* **Assignment**
Here is the task for the records below: repeat exactly the lines from the one with "Black and gold" to the one with "Plus Size Women's", both included, and nothing else.

* **Provided data**
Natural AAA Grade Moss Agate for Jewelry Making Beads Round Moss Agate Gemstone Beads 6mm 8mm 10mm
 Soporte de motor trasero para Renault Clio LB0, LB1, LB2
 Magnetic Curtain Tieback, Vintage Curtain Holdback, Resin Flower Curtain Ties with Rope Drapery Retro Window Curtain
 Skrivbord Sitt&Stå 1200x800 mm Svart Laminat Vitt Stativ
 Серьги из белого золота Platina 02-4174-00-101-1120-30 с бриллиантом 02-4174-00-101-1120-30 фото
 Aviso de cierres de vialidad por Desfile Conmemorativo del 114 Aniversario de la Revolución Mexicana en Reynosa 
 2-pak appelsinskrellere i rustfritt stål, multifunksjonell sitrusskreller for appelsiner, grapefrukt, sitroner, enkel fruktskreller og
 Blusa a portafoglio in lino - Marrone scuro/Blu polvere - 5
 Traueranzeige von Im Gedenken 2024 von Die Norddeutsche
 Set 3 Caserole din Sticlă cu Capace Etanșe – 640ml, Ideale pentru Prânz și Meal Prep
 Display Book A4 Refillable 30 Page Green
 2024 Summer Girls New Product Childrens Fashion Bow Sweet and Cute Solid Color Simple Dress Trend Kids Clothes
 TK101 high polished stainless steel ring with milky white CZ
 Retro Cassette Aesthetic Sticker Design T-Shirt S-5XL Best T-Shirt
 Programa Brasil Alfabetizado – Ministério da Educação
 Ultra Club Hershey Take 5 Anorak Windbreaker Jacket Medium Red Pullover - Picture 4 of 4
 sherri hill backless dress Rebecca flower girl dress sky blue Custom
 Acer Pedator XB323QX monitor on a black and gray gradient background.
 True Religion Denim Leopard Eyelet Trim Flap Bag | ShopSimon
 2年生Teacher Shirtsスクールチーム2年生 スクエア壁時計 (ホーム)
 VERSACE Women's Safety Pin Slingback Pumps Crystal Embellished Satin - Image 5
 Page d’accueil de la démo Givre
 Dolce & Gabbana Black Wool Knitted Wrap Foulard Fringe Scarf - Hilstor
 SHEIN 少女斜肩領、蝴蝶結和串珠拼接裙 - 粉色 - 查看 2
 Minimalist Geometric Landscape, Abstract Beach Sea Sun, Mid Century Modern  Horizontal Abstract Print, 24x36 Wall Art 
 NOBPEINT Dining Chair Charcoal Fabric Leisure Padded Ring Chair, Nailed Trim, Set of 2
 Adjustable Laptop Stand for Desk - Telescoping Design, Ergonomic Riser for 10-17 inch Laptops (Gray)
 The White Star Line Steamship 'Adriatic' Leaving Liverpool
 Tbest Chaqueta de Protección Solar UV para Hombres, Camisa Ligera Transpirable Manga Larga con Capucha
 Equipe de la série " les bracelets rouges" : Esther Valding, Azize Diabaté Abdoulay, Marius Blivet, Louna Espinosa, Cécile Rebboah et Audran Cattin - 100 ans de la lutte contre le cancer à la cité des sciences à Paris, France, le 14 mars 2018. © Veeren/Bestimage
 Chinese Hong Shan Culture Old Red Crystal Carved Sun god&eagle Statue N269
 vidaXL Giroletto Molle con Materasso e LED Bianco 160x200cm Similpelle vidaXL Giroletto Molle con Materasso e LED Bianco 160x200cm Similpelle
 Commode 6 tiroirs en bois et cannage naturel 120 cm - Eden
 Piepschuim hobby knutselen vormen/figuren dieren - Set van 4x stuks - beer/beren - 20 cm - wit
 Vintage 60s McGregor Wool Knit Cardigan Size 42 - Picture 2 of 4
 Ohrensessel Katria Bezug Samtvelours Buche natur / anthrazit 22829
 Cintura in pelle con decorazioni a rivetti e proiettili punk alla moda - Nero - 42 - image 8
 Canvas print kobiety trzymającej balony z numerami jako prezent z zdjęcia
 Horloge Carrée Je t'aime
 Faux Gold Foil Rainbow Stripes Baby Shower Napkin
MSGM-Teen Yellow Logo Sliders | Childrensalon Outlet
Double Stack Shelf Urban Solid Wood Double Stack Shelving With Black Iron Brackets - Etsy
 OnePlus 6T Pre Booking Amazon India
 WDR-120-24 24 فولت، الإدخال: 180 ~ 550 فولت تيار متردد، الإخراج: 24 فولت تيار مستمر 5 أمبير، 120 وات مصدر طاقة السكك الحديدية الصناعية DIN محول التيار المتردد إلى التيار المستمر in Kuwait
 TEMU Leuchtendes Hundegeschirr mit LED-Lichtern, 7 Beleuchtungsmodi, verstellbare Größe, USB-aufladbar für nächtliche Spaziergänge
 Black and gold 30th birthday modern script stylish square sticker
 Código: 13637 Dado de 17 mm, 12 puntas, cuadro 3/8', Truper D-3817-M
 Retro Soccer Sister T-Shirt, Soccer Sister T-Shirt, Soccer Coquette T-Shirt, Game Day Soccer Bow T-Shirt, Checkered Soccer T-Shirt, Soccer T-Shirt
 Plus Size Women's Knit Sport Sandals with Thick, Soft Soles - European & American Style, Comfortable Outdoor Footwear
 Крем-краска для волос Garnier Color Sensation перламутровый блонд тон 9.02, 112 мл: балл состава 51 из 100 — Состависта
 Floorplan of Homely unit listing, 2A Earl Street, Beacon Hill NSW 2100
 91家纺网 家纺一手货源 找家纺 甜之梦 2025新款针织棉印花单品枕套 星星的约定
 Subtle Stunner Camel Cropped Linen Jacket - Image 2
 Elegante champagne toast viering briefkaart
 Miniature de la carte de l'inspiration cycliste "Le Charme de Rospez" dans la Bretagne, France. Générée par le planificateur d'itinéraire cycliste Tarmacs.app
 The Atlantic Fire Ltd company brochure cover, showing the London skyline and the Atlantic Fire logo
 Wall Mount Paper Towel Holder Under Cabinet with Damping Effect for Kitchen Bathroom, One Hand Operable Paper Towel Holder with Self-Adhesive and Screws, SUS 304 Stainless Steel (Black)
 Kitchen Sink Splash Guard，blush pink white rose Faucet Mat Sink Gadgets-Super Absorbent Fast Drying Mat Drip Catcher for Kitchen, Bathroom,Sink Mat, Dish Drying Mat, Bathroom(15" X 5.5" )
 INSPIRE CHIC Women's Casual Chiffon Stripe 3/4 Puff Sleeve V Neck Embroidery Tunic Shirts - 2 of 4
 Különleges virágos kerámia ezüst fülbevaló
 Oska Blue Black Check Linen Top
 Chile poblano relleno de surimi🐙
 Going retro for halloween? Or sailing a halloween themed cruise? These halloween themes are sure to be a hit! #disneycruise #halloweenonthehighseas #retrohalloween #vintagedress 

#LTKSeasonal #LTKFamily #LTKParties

* **Worked solution**
 Black and gold 30th birthday modern script stylish square sticker
 Código: 13637 Dado de 17 mm, 12 puntas, cuadro 3/8', Truper D-3817-M
 Retro Soccer Sister T-Shirt, Soccer Sister T-Shirt, Soccer Coquette T-Shirt, Game Day Soccer Bow T-Shirt, Checkered Soccer T-Shirt, Soccer T-Shirt
 Plus Size Women's Knit Sport Sandals with Thick, Soft Soles - European & American Style, Comfortable Outdoor Footwear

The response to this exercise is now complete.